Task statement: Wherever the word "picture" appears in the entries, copy the whole line.

━━━━━━━━━━

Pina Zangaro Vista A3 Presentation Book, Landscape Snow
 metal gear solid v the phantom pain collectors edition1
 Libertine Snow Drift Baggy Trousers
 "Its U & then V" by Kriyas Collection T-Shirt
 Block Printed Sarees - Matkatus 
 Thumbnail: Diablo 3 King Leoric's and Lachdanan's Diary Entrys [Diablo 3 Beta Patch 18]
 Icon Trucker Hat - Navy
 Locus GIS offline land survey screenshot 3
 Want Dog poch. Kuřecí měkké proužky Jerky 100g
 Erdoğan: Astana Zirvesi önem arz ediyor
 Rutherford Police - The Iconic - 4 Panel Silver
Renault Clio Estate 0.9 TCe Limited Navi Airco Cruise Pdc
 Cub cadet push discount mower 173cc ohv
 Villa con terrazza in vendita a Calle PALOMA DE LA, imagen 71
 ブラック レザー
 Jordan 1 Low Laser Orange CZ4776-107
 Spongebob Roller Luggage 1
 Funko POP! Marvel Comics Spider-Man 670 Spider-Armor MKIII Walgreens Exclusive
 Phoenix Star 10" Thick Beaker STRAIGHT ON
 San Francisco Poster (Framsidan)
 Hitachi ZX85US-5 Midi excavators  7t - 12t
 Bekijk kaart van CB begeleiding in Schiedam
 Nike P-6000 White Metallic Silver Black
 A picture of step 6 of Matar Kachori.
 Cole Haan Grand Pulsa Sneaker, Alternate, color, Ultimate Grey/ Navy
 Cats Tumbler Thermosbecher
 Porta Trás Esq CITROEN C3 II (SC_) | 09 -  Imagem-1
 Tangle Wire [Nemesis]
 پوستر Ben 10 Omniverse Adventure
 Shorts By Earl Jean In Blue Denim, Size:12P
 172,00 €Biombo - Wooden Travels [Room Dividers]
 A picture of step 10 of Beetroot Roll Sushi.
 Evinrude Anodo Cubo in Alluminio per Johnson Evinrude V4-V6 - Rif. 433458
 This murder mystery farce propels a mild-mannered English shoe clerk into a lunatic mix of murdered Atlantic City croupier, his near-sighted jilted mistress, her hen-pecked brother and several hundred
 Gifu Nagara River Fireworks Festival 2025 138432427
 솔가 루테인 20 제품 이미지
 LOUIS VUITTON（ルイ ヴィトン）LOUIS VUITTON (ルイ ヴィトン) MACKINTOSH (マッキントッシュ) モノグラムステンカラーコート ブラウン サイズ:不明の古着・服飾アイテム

━━━━━━━━━━

Expected answer:
 A picture of step 6 of Matar Kachori.
 A picture of step 10 of Beetroot Roll Sushi.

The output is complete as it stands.